Each of them tell a little about their backgrounds, so they have their own interesting stories. Then they tell about the lead up to the fight, what happened, how they felt about it. Some have nothing but respect for Ali, they admire him, even idolize him. Some are still bitter about the way he insulted them, thought he was too mean. But more than one cries when talking about Ali’s Parkinson’s.
It’s not just a great portrait of Ali, but of professional boxers in general. You got different races, a couple guys from different countries, but all of them grew up hard, working class, scrapping for money, many of them criminals. Some of them are very articulate, some aren’t, but they all have really good stories to tell. Through the stories of Ali and his opponents this movie crosses paths with mobsters, hitmen, the Vietnam War, the Fruit of Islam, the assassination of Malcolm X, an allegedly thrown fight, a musical performance on the Jack Benny Show, a prison bid and a near death experience. So there’s more than just punching, although yes, there is also alot of punching involved.

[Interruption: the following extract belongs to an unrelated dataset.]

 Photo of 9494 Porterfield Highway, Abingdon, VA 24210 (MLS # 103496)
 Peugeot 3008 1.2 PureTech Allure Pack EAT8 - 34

Although they talk alot about the importance of Ali to black America it’s a white dude, the Canadian champion George Chuvalo, who seems most invested in Ali’s career from afar. He has opinions about everything, including saying that Sonny Liston took a dive because he was threatened by the Nation of Islam. In archive footage they show Chuvalo at the fight, being held back, trying to get in Ali’s face to confront him about it. It’s like REDBELT. But even though he believes that, Chuvalos also seems fiercely protective of Ali’s dignity and respect as The Greatest, for example seeming offended by Larry Holmes “taking advantage of an old man” by defeating him in 1980, two years after he’d famously decided to retire as champion and “get away clean.”

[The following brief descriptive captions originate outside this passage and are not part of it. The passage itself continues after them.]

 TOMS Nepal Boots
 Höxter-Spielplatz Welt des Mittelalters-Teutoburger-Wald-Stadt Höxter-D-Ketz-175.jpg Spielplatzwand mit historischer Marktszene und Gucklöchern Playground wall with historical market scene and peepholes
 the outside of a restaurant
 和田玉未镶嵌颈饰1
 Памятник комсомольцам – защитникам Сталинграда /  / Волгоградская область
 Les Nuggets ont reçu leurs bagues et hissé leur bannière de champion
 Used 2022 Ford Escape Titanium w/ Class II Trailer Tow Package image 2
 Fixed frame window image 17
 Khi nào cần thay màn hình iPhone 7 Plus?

This is a really fascinating new way to look at this story. With a guy like Ali it’s easy to slip into hero worship, so it’s kind of cool that this shows him from the perspective of the guys he punched the shit out of, so you see different sides of him. I always laugh at his boasts and taunts but a couple times this movie made me feel sorry for the people he was insulting, who just weren’t quick-witted enough to get into that type of duel with him, or weren’t about to retaliate when he had the nerve to call them uncle toms. He’s a showman and a funny guy but you realize sometimes he’s a bully. At the same time that you’re accepting that, though, your respect for him is raising as you see what a hero he is even to these people he left in the dust.

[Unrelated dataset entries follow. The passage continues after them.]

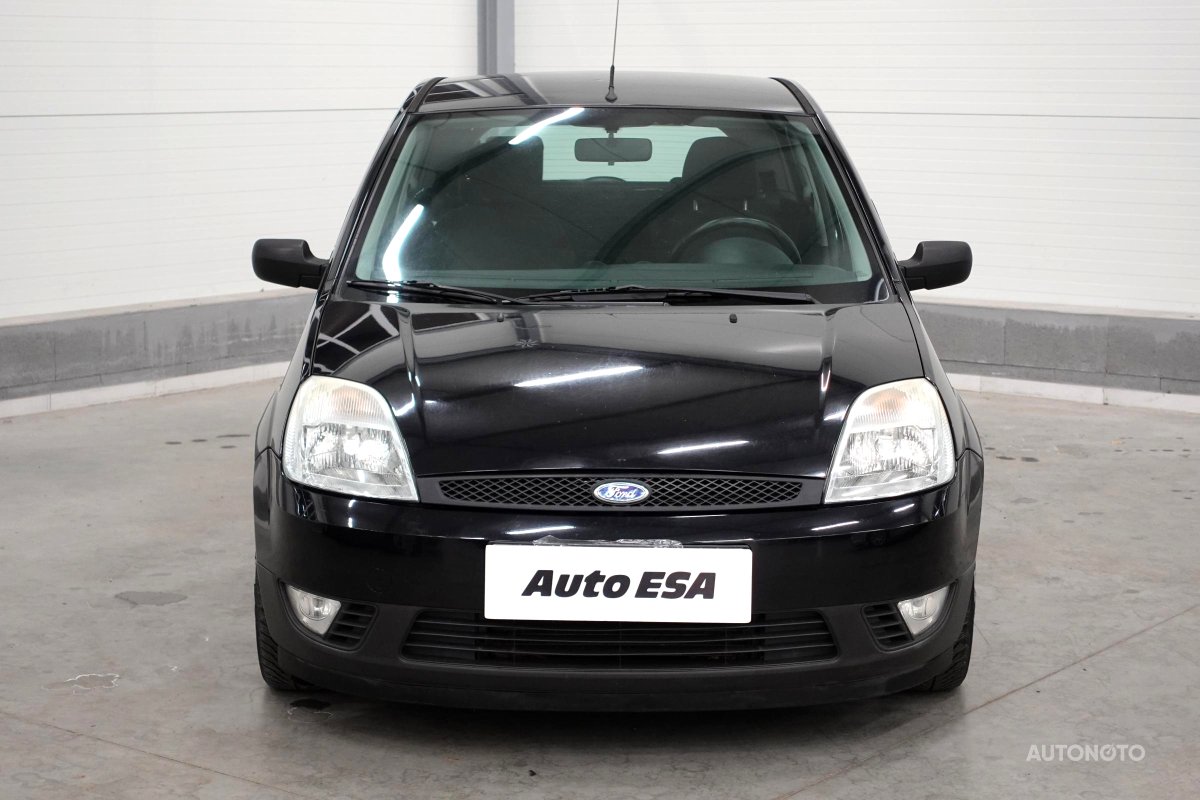 Ford Fiesta, 2004 - pohled č. 2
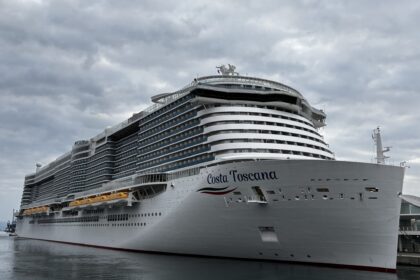 Navio de cruzeiro atracado no porto de Santos com passageiros embarcando para temporada 2026/27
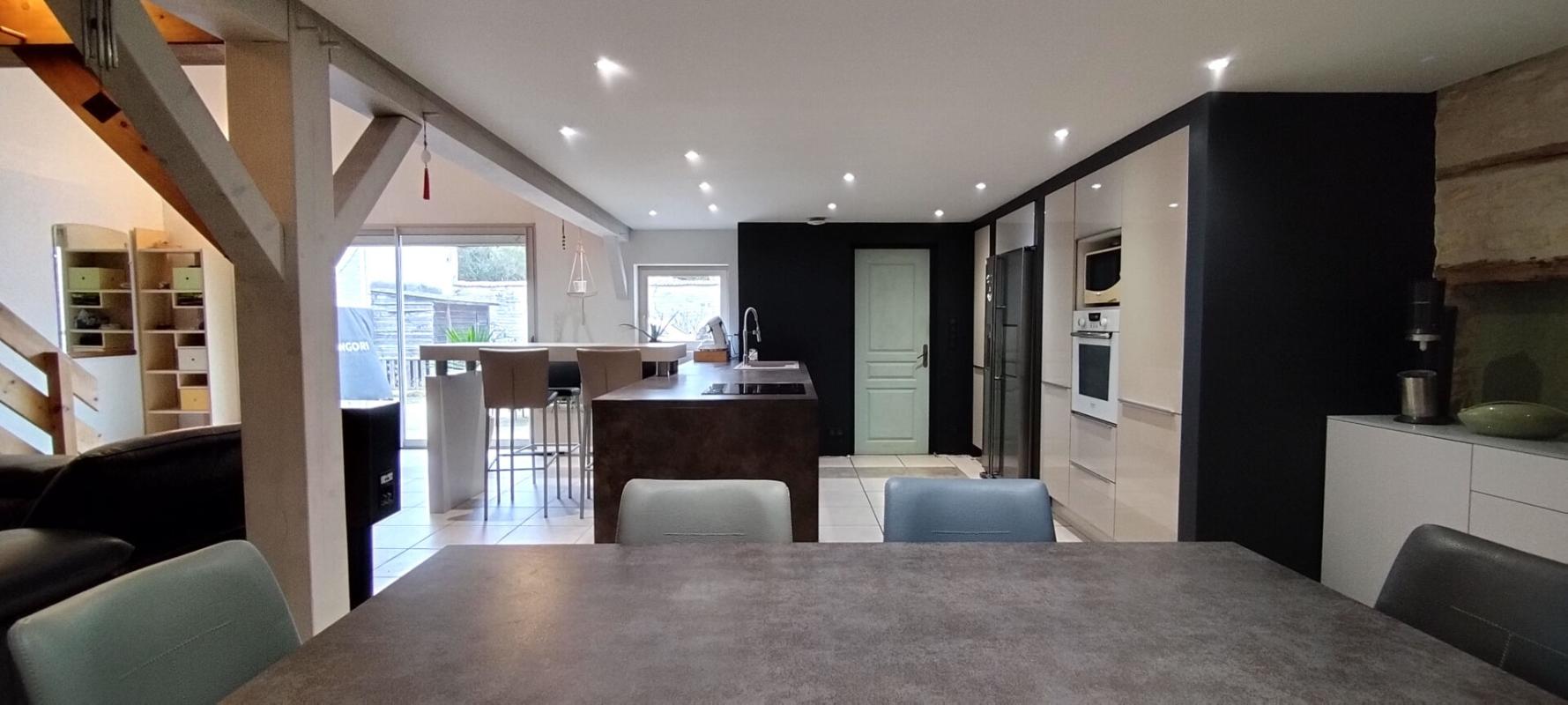 NEUVILLE-DE-POITOU Maison et studio indépendant Neuville De Poitou 5 pièce(s) 188 m2 3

The filmatism is good too – great jazz and soul soundtrack, artfully lit interviews with shadows filling out the crags on the boxers’ aging faces, gorgeously restored archive footage, energetic editing, smartly structured. It’s a great movie especially for somebody like me who loves Ali but doesn’t know shit about boxing.
“Hey Vern, do you watch boxing?”
“Nah, just documentaries.”
There’s alot of information about Ali out there. Obviously WHEN WE WERE KINGS is one of the all time great sports documentaries, and his life has been dramatized both by Will Smith and by himself in a TV movie, and many of his fights are available on DVD. So it’s impressive to see somebody come up with such a smart idea for a new angle on the champ, and to execute it well. Also impressive is that this was produced by Spike TV. I guess some of that money they get for running Ax Bodyspray ads all fuckin day goes to some good every once in a while.